Meski sang istri jarang mau menonton langsung di lintasan, kemenangan Jemmy di Triple Crown membuat Ayu begitu bangga.
“Terima kasih udah jadi kepala keluarga yang membanggakan,” tutur Jemmy saat menyampaikan pesan istrinya.
Selain pacuan, Jemmy juga mulai tertarik pada equestrian. Menurutnya, teknik equestrian memiliki banyak manfaat yang bisa diterapkan dalam pacuan kuda. Untuk itulah, saat ini ia mulai mempelajari teknik yang ada di equestrian.
“Misal, kita bisa mempelajari gimana biar kudanya bisa lebih kalem,” terang Jemmy.
Bagi Jemmy, equestrian bukan sekadar cabang olahraga baru, melainkan sarana untuk memperdalam ikatan dengan kuda sekaligus memperkaya strategi di lintasan. Ia juga menyebutkan bahwa pemahaman mendalam terhadap kuda adalah kunci untuk terus berkembang sebagai joki yang tangguh dan visioner.
Pertemuan pertama antara Jemmy Runtu dan Farooq Ali Khan terjadi ketika Farooq dipanggil sebagai trainer di King Halim Stable. Saat itu, Jemmy sudah lebih dulu bergabung dengan stable tersebut.
Menurut Farooq, Jemmy adalah joki yang selalu mengikuti instruksi dengan baik serta menunjukkan etos kerja yang tinggi. Konsistensinya di lintasan membuat Jemmy mampu mempertahankan posisi pertama di sejumlah kejuaraan, hingga akhirnya meraih gelar Triple Crown.
Salah satu kepribadian yang paling dikagumi Farooq adalah kedisiplinan Jemmy saat berlatih.
“He always doing the best, that’s why he also get the best result (Dia selalu melakukan yang terbaik. Itulah sebabnya, ia dapat hasil yang terbaik juga),” ungkap Farooq.
Selain disiplin, Jemmy juga dikenal ramah. Sikap ini membuat proses latihan lebih mudah, meski Farooq berasal dari negara dan budaya yang berbeda.
Farooq menilai Jemmy mampu menempatkan diri. Ketika di arena latihan, Jemmy profesional sebagai seorang joki, sementara di luar latihan, ia bisa menjadi teman yang hangat.
Bagi Farooq, gelar Triple Crown tidak membuat Jemmy cepat puas. Ia melihat Jemmy sebagai pribadi yang ingin terus berkembang. Farooq pun yakin bahwa kemampuan Jemmy masih bisa diasah lebih jauh lagi, bahkan melampaui pencapaiannya sekarang.
Bagi Jemmy Runtu, kedisiplinan adalah kunci.

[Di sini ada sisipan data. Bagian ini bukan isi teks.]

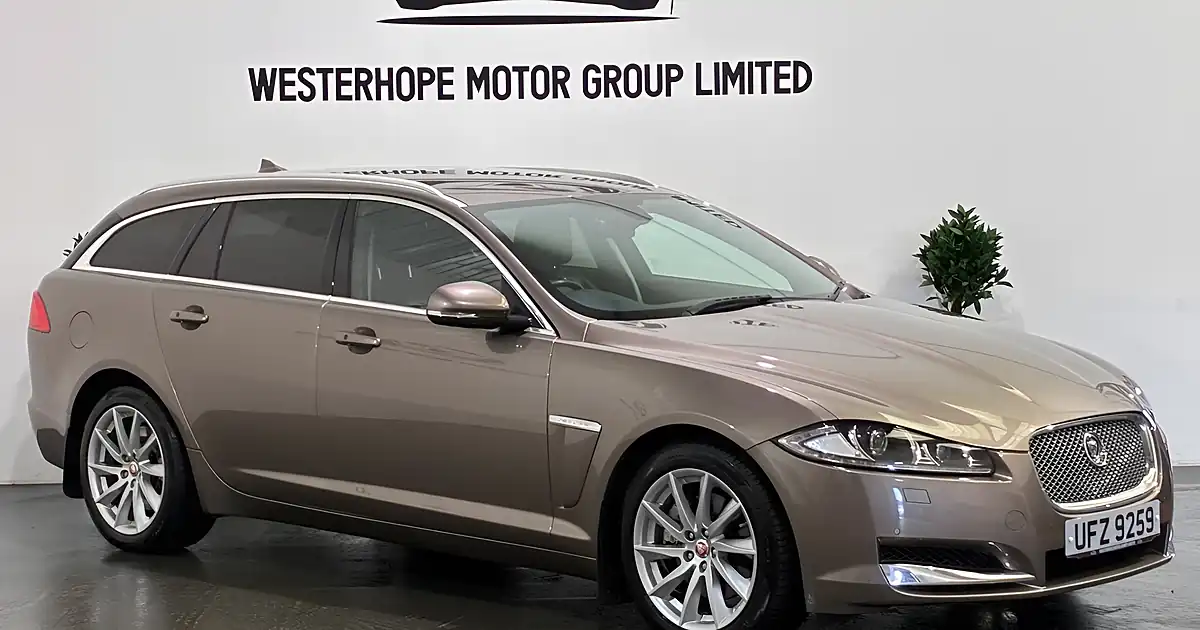 Used 2014 Jaguar Xf Premium Luxury Sportbrake Bronze - Front View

Latihan yang konsisten membuatnya terus berkembang sebagai joki.
Ia juga berpesan kepada generasi muda yang ingin menekuni pacuan kuda.

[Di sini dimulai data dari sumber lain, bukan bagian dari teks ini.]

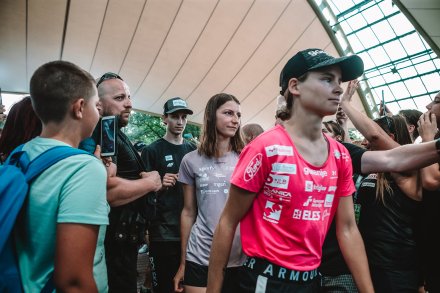 Skoczkinie wchodzące na scenę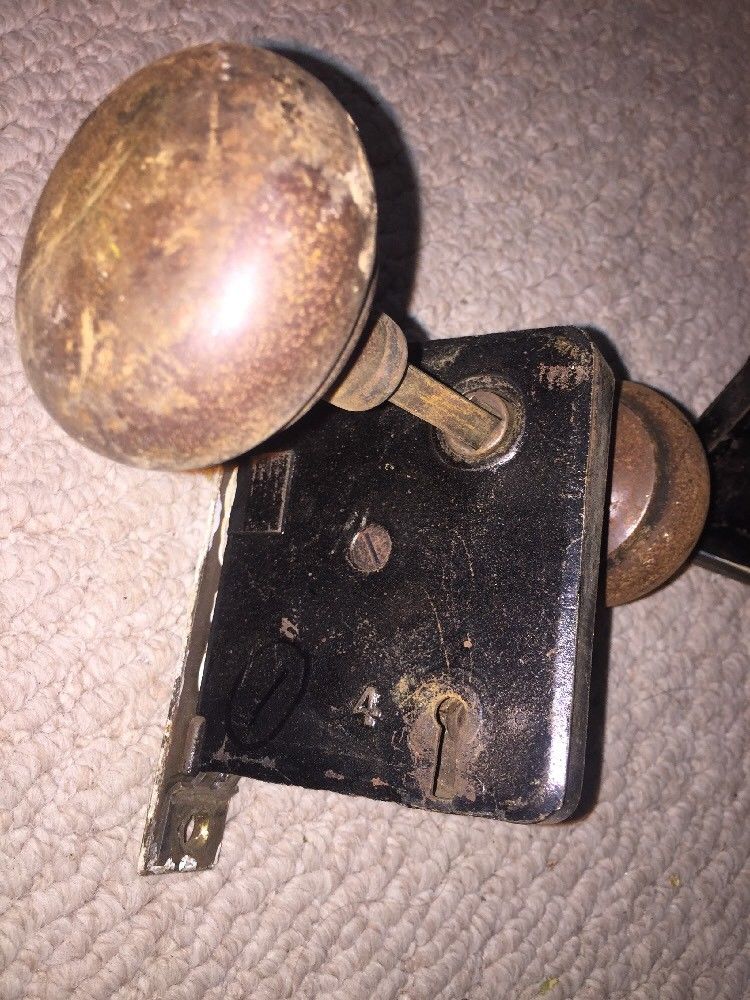 door knob lock mechanism photo - 16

“Tetap konsisten dan mau belajar.” ungkapnya.
Meski begitu, kecintaan Jemmy Runtu pada pacuan kuda tidak membuatnya memaksakan sang anak untuk mengikuti jejak yang sama.
Baginya, setiap orang berhak memilih jalannya sendiri, sementara ia tetap fokus menekuni profesinya dengan sepenuh hati. Dengan disiplin yang konsisten, etos kerja yang tinggi, dan sikap rendah hati, Jemmy menjadi salah satu joki terbaik Indonesia.
Dimulai dari lintasan lokal hingga kejuaraan nasional, ia membuktikan diri sebagai sosok yang bukan hanya mengejar gelar, melainkan juga menjaga kiprah olahraga pacuan kuda. Gelar Triple Crown hanyalah salah satu bukti bahwa perjalanan panjangnya masih terus berlanjut.